The answer must consist only of the lines from the line with "中古・古着通販】ISAMU KATAYAMA BACKLASH (イサムカタヤマ・バック" to the line with "Taj-E feat. Juggy", both included, exactly as they stand below.

┌─ Extracted data

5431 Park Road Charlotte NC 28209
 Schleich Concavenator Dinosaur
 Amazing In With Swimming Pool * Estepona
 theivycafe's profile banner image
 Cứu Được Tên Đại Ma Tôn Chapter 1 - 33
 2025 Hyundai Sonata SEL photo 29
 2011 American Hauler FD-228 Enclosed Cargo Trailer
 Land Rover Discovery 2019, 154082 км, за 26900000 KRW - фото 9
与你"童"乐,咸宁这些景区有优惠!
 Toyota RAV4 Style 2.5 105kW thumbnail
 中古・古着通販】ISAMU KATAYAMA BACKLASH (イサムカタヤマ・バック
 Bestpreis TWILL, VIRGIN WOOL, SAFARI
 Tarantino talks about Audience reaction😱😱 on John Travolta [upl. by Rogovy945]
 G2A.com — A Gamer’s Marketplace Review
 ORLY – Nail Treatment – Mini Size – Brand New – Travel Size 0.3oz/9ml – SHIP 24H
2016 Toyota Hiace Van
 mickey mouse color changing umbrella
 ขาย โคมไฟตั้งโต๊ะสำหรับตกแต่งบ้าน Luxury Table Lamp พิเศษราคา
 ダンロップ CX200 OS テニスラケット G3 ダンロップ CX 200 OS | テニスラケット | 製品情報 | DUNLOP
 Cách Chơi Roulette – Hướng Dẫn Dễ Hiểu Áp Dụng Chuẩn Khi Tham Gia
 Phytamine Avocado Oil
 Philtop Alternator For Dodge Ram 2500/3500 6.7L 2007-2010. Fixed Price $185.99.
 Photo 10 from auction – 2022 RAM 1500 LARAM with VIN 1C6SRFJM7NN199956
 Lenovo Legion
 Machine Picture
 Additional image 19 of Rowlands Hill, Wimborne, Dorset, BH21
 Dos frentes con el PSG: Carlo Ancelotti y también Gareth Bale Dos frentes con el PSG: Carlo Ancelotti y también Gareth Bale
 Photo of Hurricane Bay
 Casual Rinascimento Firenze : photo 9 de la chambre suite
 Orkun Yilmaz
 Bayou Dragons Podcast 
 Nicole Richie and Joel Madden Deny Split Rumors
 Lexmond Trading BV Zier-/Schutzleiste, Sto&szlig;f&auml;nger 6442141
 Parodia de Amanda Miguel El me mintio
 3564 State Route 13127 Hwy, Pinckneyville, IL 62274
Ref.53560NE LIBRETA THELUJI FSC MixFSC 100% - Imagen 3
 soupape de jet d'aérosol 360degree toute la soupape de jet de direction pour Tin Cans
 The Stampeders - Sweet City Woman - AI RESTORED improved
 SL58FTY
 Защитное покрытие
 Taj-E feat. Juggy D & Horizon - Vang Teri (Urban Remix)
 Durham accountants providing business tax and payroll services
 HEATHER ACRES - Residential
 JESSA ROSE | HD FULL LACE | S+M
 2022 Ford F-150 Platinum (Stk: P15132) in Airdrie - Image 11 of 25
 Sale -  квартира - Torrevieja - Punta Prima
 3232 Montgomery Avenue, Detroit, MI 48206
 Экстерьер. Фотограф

└─

● Response for this exercise
 中古・古着通販】ISAMU KATAYAMA BACKLASH (イサムカタヤマ・バック
 Bestpreis TWILL, VIRGIN WOOL, SAFARI
 Tarantino talks about Audience reaction😱😱 on John Travolta [upl. by Rogovy945]
 G2A.com — A Gamer’s Marketplace Review
 ORLY – Nail Treatment – Mini Size – Brand New – Travel Size 0.3oz/9ml – SHIP 24H
2016 Toyota Hiace Van
 mickey mouse color changing umbrella
 ขาย โคมไฟตั้งโต๊ะสำหรับตกแต่งบ้าน Luxury Table Lamp พิเศษราคา
 ダンロップ CX200 OS テニスラケット G3 ダンロップ CX 200 OS | テニスラケット | 製品情報 | DUNLOP
 Cách Chơi Roulette – Hướng Dẫn Dễ Hiểu Áp Dụng Chuẩn Khi Tham Gia
 Phytamine Avocado Oil
 Philtop Alternator For Dodge Ram 2500/3500 6.7L 2007-2010. Fixed Price $185.99.
 Photo 10 from auction – 2022 RAM 1500 LARAM with VIN 1C6SRFJM7NN199956
 Lenovo Legion
 Machine Picture
 Additional image 19 of Rowlands Hill, Wimborne, Dorset, BH21
 Dos frentes con el PSG: Carlo Ancelotti y también Gareth Bale Dos frentes con el PSG: Carlo Ancelotti y también Gareth Bale
 Photo of Hurricane Bay
 Casual Rinascimento Firenze : photo 9 de la chambre suite
 Orkun Yilmaz
 Bayou Dragons Podcast 
 Nicole Richie and Joel Madden Deny Split Rumors
 Lexmond Trading BV Zier-/Schutzleiste, Sto&szlig;f&auml;nger 6442141
 Parodia de Amanda Miguel El me mintio
 3564 State Route 13127 Hwy, Pinckneyville, IL 62274
Ref.53560NE LIBRETA THELUJI FSC MixFSC 100% - Imagen 3
 soupape de jet d'aérosol 360degree toute la soupape de jet de direction pour Tin Cans
 The Stampeders - Sweet City Woman - AI RESTORED improved
 SL58FTY
 Защитное покрытие
 Taj-E feat. Juggy D & Horizon - Vang Teri (Urban Remix)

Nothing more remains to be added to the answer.